ASC: Oil drop feeds cuts

John Dietrich

17-Apr-2015

The recent sharp drop in oil prices has affected pricing of raw materials for the adhesives sector, but that is not the only factor influencing markets

For the past several months, the markets for feedstocks used to make adhesives and feedstocks have re-adjusted to the sharp and spectacular decline in oil prices. Prices for Brent crude fell from $115/bbl in June 2014 to about $55/bbl near the end of March.

Some feedstocks were already demonstrating excessive volatility before oil prices started falling. Key among these are ethylene and propylene, which are upstream feedstocks for a variety of adhesives and sealants.

Heading into the second and third quarters of 2015, the US olefins markets have a clear ceiling imposed by the global crude oil market. While feedstock costs remain low thanks to shale gas – keeping margins strong at the cracker level – overall ethylene and propylene prices will be held back by crude’s effect on overseas polymers markets.

The best example is the US polyethylene (PE) contract price, which took only two directions between the end of 2012 and the third quarter of 2014.

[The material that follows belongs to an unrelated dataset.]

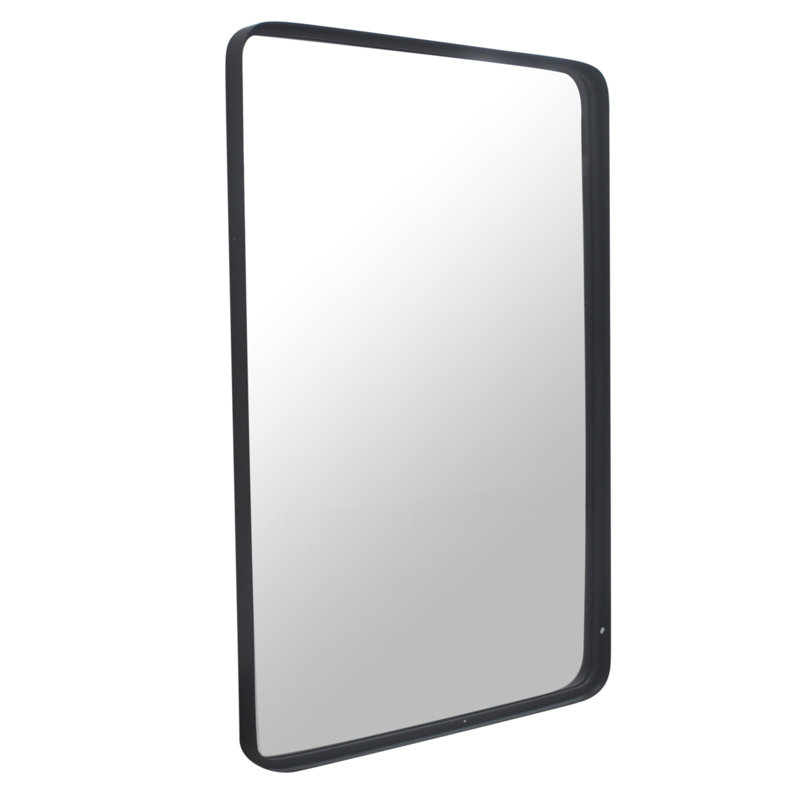 Lensy Metal Rectangle Wall Mirror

US PE settlements either rolled over or increased in every month between November 2012 and October 2014, gaining a net of 22.5 cents/lb ($496/tonne) in the process. During this time, feedstock ethylene prices were up and down, trending up on incredibly tight supply throughout 2014 until the drop in crude prices.

When crude fell, it allowed overseas chemical producers to enjoy low feedstock costs and compete with the US in most derivative markets. Unlike the US, much of the world relies on oil-based naphtha as a cracker feedstock. They thus benefited from the drop in oil prices and their derivatives became more competitive against those made in the US.

This pressure increased and pushed down ethylene and propylene prices to levels last seen before the surge in the use of low-cost natural gas liquids (NGLs) in the US. Until global crude oil prices recover and the US regains its advantage on derivative products, the nation’s ethylene prices are unlikely to find much room to increase.

A mitigating factor would be the supply situation, which was up and then largely down for 2014, as several cracker expansion plans took longer than expected, several planned shutdowns lasted longer than expected and unplanned outages hit the market.

CAPACITY OUTAGES
Between March and October 2014, an average of 8-12% of available ethylene capacity was down, leading to some of the lowest inventory levels experienced. A repeat or close to it could tighten ethylene supply enough to offset some of the downward pull of crude.

This would likely push derivative producers to lower operating rates and serve only 
domestic contracts, exiting the spot market for the most part.

On the propylene side, a similar situation exists, although tighter supply would likely come from a drop in availability for refinery grade propylene (RGP). RGP has been tight in the merchant market for much of 2015, owing to the annual refinery turnaround season, as well as the possibility of robust gasoline demand in the upcoming summer – owing to low prices – which has incentivised RGP producers to stockpile material rather than sell it.

While supply issues could lend momentum to both ethylene and propylene, the more likely scenario is that prices remain constrained by global crude oil markets and intense competition on derivative products.